● **What to produce**
Only one stretch of the data below is wanted: the lines from the one with "Manjita cu gem" through the one with "时隔3年重返亚冠决赛 听听体坛嘉宾点评浦和红钻", repeated exactly.

● **Items listed in a dataset**
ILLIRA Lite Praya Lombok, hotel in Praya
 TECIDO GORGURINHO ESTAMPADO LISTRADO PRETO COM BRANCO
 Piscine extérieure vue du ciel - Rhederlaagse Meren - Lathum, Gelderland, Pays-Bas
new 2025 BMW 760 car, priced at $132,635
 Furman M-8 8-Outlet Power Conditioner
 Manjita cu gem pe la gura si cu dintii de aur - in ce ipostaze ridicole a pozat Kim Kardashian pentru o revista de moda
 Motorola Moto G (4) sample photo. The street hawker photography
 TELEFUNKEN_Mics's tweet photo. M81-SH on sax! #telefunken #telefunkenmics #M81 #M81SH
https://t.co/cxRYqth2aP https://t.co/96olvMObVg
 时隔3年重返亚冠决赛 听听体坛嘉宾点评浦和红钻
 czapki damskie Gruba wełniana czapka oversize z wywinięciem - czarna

● **Answer to this task**
 Manjita cu gem pe la gura si cu dintii de aur - in ce ipostaze ridicole a pozat Kim Kardashian pentru o revista de moda
 Motorola Moto G (4) sample photo. The street hawker photography
 TELEFUNKEN_Mics's tweet photo. M81-SH on sax! #telefunken #telefunkenmics #M81 #M81SH
https://t.co/cxRYqth2aP https://t.co/96olvMObVg
 时隔3年重返亚冠决赛 听听体坛嘉宾点评浦和红钻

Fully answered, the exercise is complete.